### PROVIDED MATERIAL
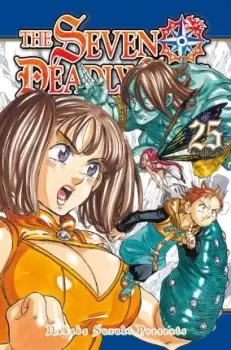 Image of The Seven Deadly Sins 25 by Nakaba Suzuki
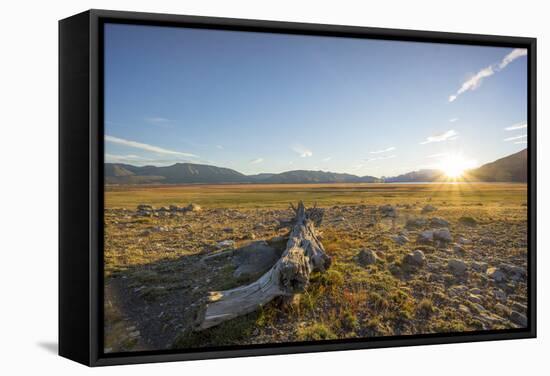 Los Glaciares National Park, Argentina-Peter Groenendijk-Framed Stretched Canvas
---
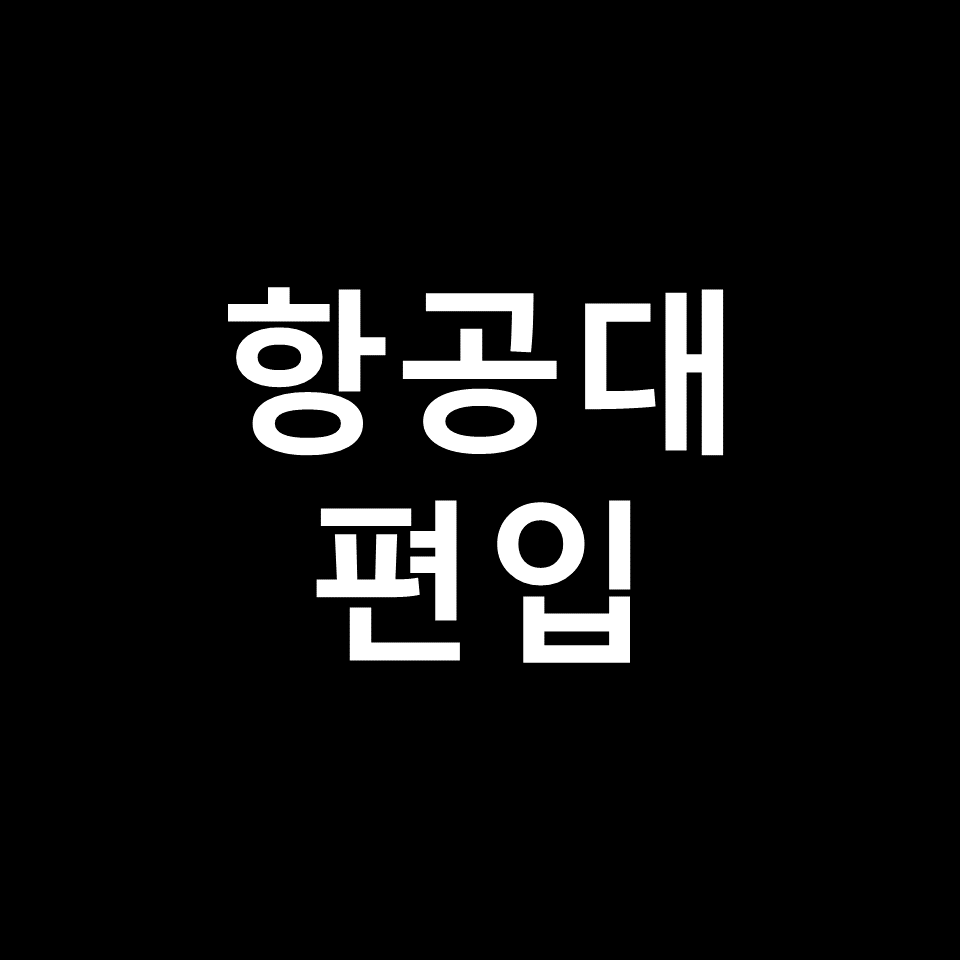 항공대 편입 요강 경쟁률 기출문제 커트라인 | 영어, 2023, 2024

### YOUR OBJECTIVE
Exact copy, pictures excluded: every line above from the one containing "Image of The" to the one containing "Los Glaciares National", inclusive, and nothing more.

### RESULT
 Image of The Seven Deadly Sins 25 by Nakaba Suzuki
 Los Glaciares National Park, Argentina-Peter Groenendijk-Framed Stretched Canvas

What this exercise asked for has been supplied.